Max length subsequence with satisfied conditions: { 2, 8, 6, 3, 9 }

Input: arr[] = { 1, 2, 2, 3, 3, 1 }
Output: 2

Approach: A naive approach is to consider all subsequences and check every subsequence whether it satisfies the condition.

An efficient solution is to use Dynamic programming. Let dp[i] denote the maximum length of subsequence including arr[i]. Then, the following relation holds for every prime p such that p is a prime factor of arr[i]:

dp[i] = max(dp[i], 1 + dp[pos[p]]) 
where pos[p] gives the index of p in the array 
where it last occurred.

Explanation: Traverse the array.
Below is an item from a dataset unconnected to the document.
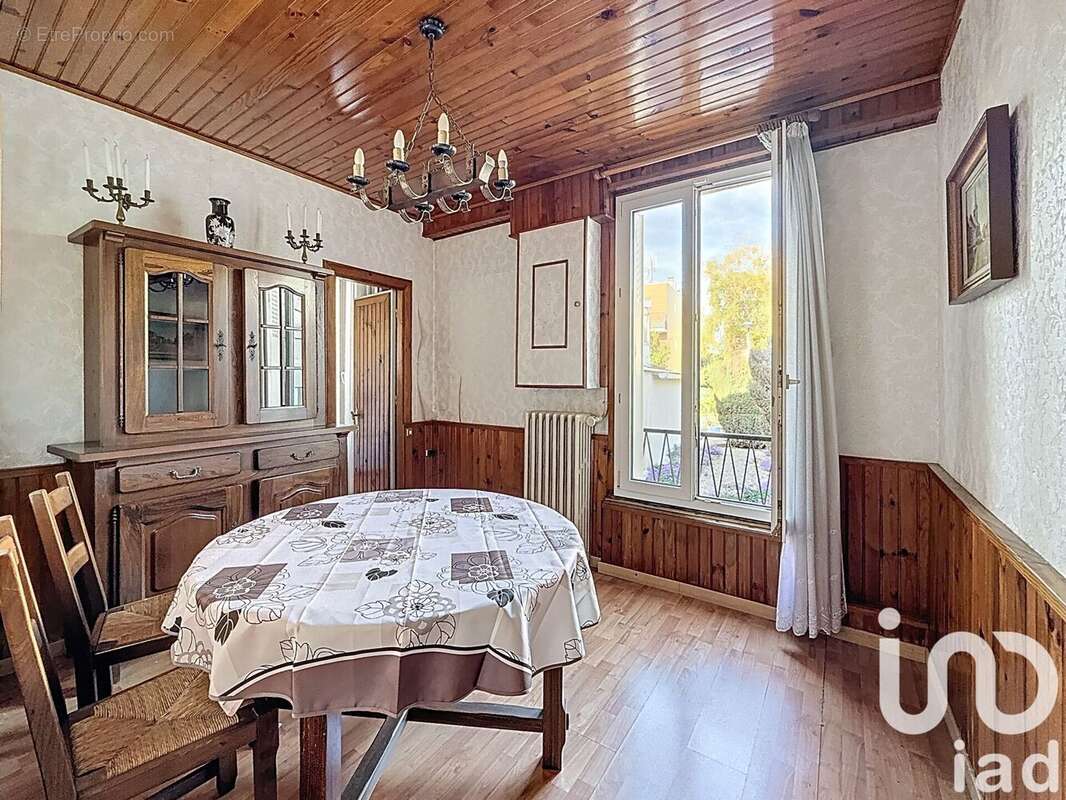 Photo 3 - Maison à ARCUEIL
For an element arr[i], there are 2 possibilities.

  1. If the prime factors of arr[i] have shown their first appearance in the array, then dp[i] = 1
  2. If the prime factors of arr[i] have already occurred, then this element can be added in the subsequence since there’s a common factor. Hence dp[i] = max(dp[i], 1 + dp[pos[p]]) where p is the common prime factor and pos[p] is the latest index of p in the array.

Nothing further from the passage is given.